Task statement: Count how many lines in the following data hold the word "priced". Your answer is the number and nothing else.

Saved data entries
• • • •

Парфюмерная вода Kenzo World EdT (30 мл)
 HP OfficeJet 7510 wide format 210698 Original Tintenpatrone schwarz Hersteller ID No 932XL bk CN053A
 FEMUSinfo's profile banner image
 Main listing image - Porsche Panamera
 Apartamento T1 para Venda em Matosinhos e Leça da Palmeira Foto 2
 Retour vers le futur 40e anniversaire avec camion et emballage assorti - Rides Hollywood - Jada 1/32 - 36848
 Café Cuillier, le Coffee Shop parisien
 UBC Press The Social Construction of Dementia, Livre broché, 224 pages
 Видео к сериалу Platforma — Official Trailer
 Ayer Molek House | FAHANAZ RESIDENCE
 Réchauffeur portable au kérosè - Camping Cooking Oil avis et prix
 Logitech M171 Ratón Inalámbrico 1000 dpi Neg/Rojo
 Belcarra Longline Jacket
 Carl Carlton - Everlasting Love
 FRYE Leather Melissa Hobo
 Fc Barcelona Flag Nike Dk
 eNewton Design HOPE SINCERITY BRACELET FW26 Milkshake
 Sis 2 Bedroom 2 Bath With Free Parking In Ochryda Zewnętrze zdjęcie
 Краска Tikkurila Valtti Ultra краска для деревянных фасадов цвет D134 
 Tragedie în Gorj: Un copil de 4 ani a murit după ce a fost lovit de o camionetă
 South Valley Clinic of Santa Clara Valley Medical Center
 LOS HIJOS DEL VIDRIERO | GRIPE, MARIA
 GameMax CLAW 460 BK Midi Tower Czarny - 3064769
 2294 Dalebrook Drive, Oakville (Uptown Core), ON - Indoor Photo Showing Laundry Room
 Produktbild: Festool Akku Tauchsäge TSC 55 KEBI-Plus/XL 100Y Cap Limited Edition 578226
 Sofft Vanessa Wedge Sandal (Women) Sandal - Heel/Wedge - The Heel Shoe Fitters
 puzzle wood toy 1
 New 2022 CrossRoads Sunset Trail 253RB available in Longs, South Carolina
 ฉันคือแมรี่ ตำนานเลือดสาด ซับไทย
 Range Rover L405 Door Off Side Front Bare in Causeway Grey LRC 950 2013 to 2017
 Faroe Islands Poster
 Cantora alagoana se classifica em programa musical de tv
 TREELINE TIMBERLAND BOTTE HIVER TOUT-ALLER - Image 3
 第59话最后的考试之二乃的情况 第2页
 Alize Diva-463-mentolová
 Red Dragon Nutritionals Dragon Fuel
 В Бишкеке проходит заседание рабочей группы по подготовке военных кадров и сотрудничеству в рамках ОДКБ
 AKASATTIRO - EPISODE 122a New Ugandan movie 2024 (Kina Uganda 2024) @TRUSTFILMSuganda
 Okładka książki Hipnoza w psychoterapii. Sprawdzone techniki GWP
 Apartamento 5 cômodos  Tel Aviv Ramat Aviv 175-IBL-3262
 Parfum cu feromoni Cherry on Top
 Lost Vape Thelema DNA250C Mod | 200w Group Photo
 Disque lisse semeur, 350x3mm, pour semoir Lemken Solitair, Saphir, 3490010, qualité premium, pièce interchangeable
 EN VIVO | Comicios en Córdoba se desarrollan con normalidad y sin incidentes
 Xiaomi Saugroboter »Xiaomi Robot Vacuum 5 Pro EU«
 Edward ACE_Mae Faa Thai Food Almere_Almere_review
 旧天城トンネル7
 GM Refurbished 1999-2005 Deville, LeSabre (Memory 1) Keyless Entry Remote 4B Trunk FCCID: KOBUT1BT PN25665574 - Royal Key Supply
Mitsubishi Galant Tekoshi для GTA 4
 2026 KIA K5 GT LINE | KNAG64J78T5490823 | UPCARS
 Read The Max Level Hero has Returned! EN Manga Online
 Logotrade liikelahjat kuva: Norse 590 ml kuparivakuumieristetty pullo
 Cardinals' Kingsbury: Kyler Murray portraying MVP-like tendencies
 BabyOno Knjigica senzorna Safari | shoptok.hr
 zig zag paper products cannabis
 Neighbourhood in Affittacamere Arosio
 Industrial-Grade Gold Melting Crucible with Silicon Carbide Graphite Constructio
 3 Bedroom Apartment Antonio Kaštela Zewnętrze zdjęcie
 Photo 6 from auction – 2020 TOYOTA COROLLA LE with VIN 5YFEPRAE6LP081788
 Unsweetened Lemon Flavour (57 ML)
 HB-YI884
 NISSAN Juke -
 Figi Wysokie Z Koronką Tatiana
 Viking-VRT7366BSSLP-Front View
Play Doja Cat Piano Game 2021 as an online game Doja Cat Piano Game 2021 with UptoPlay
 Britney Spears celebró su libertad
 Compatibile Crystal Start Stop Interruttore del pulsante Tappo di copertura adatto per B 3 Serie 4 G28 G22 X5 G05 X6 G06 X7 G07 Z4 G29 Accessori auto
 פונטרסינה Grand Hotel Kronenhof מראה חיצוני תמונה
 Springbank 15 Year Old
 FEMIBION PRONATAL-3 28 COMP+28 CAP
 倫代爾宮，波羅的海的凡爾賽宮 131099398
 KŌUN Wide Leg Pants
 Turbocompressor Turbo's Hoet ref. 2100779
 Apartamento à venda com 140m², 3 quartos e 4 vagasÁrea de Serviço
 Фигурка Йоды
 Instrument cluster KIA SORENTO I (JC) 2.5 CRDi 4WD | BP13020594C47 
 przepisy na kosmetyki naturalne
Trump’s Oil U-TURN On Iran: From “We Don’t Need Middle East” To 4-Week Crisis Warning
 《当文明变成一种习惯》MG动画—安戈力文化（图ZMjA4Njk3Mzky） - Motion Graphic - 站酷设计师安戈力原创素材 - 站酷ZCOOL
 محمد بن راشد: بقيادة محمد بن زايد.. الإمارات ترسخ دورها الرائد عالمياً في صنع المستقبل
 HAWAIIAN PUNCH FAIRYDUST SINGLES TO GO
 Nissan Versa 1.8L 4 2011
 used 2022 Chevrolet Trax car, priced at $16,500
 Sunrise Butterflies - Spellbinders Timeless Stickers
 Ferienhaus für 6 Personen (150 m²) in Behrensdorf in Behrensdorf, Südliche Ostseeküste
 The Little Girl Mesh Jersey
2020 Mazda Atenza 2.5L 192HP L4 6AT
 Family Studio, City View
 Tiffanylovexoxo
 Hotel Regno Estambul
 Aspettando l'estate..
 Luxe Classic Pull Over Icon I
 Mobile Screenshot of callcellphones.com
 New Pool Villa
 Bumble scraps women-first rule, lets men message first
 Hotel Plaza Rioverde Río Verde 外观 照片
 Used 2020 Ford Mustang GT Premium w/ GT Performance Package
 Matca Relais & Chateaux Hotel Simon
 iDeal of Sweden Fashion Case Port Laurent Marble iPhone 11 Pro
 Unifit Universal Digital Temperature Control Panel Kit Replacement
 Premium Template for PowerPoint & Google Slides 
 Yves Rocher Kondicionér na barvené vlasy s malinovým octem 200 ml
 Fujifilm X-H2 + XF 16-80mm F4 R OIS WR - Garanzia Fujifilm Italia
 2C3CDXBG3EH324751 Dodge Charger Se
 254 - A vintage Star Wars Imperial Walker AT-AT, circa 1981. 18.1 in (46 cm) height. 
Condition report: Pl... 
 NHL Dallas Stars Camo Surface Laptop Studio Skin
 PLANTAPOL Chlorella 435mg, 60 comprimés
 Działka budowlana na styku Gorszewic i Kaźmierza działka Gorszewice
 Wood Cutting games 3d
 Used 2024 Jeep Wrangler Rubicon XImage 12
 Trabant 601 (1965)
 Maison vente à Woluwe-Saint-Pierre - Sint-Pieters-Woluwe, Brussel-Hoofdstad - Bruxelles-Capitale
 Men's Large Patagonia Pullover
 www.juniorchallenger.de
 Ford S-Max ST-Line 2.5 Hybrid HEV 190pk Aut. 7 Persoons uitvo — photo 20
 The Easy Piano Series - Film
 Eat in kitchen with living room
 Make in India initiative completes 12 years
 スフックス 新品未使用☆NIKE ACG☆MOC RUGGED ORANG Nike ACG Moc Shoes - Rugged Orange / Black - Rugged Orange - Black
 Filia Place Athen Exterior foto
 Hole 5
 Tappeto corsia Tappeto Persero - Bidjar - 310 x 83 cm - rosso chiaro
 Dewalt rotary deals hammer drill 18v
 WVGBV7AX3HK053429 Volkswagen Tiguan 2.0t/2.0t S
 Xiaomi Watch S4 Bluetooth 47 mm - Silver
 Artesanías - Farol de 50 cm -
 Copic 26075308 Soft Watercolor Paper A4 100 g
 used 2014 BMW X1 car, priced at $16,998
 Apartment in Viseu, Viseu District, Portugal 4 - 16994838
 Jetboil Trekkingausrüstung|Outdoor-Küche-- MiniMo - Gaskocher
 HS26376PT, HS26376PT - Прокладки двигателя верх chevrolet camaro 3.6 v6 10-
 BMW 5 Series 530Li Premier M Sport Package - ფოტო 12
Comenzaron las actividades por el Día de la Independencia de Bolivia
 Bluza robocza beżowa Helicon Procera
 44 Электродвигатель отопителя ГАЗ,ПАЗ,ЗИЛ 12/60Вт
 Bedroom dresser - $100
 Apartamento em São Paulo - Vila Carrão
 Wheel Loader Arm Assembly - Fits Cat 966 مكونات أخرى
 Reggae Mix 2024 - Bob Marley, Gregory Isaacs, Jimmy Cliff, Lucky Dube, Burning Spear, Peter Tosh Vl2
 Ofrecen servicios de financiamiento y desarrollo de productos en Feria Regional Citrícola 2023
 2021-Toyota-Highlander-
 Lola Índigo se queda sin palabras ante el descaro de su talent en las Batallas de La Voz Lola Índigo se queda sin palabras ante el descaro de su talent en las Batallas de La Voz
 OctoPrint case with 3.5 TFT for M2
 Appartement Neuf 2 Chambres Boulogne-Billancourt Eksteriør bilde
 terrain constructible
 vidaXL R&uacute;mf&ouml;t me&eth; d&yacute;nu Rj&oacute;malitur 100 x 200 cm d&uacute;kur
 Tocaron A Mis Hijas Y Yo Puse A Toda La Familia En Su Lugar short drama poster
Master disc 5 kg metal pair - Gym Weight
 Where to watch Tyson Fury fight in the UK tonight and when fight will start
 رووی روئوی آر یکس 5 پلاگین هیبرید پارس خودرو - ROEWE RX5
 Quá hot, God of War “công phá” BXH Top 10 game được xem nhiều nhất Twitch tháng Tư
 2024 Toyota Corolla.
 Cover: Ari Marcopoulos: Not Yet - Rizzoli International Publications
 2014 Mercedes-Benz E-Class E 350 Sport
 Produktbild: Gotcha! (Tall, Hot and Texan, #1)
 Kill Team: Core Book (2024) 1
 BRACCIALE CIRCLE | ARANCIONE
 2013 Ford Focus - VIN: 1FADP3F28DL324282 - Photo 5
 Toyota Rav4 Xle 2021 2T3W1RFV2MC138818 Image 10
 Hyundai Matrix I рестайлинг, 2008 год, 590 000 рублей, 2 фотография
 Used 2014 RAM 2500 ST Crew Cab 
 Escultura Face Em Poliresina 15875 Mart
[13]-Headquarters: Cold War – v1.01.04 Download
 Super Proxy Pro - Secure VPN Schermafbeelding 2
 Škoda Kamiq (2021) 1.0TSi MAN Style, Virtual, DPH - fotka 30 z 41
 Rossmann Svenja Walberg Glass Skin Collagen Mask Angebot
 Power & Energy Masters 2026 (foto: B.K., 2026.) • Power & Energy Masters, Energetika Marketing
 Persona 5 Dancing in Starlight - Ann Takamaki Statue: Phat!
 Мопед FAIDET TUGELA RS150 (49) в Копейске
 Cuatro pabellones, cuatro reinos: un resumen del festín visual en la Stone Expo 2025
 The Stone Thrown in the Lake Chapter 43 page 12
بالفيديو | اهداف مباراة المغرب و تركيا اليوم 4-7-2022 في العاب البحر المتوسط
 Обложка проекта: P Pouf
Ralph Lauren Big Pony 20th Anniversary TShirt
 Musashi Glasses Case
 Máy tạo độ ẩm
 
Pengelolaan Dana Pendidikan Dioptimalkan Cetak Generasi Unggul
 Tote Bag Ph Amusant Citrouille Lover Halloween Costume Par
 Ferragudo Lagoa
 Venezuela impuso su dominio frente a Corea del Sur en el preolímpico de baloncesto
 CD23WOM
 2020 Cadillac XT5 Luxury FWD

• • • •

Answer to the exercise: 2